• Recorded data:
________

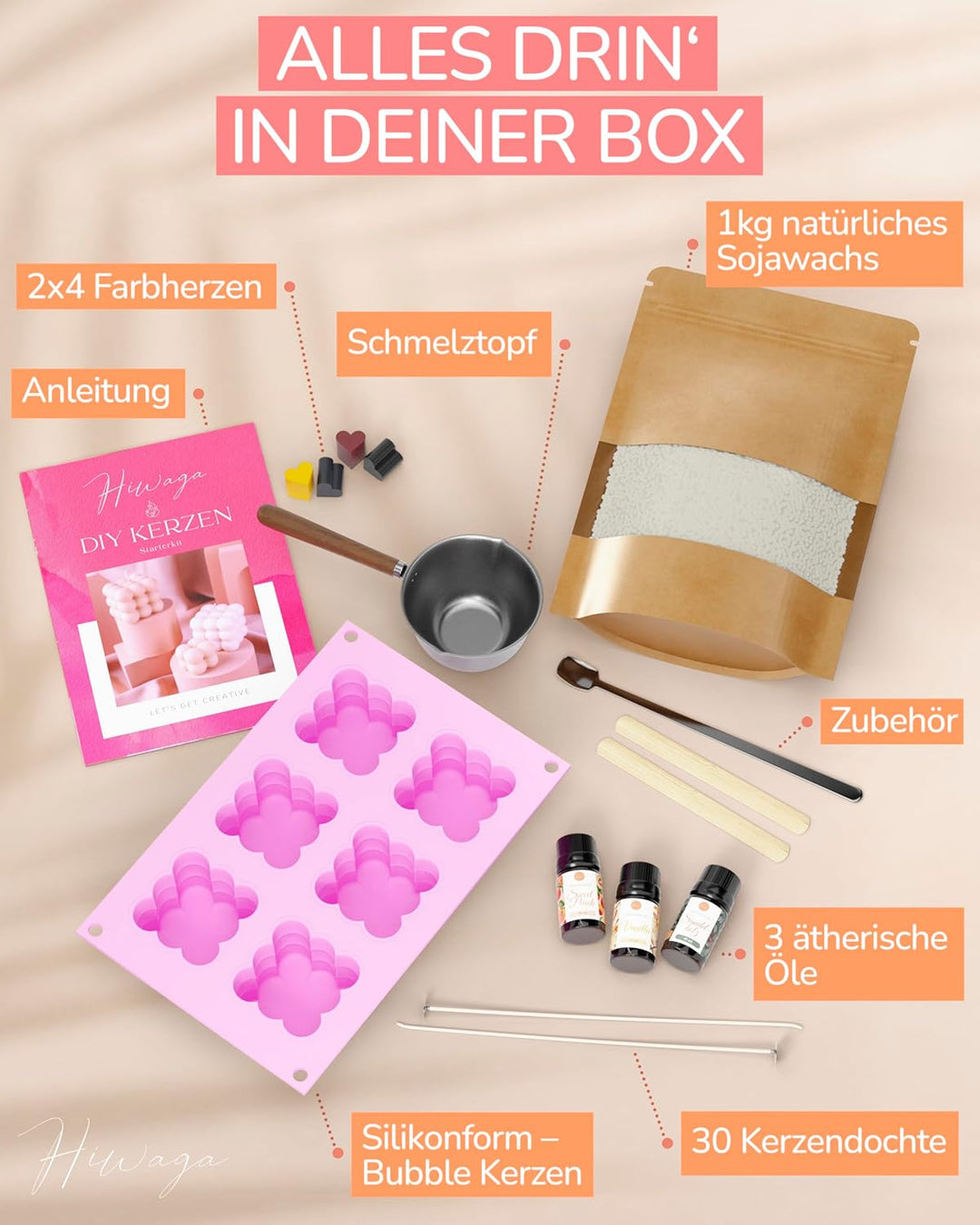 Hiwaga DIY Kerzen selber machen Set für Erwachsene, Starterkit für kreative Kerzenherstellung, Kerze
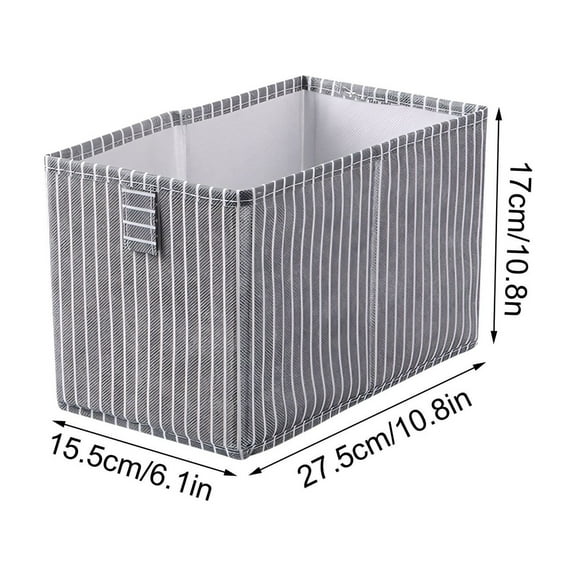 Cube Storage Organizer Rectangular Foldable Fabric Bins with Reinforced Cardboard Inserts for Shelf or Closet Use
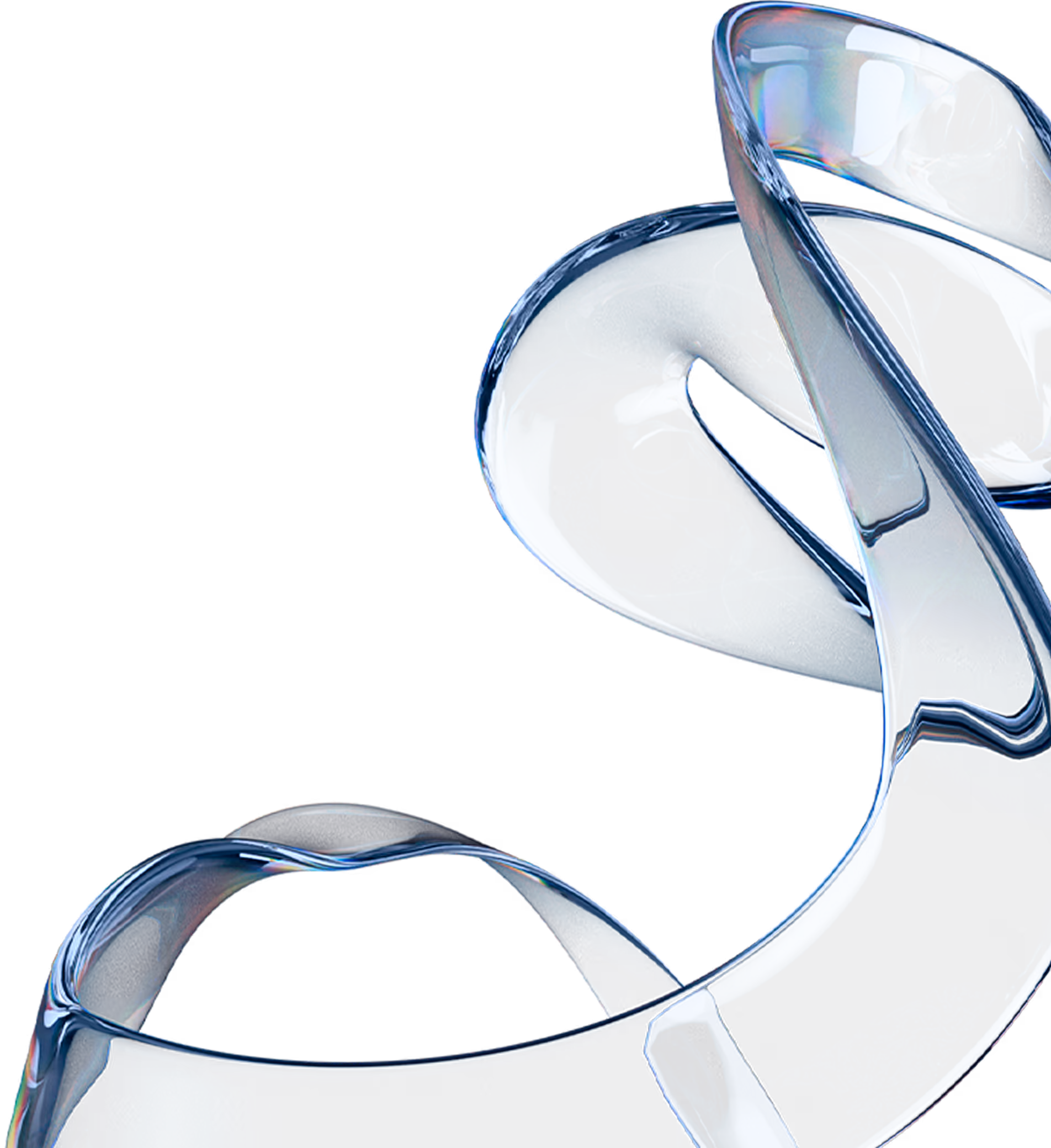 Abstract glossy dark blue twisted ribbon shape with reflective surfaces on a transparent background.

________

Would you repeat the listing word for word and skip every picture?

• Written response:
 Hiwaga DIY Kerzen selber machen Set für Erwachsene, Starterkit für kreative Kerzenherstellung, Kerze
 Cube Storage Organizer Rectangular Foldable Fabric Bins with Reinforced Cardboard Inserts for Shelf or Closet Use
 Abstract glossy dark blue twisted ribbon shape with reflective surfaces on a transparent background.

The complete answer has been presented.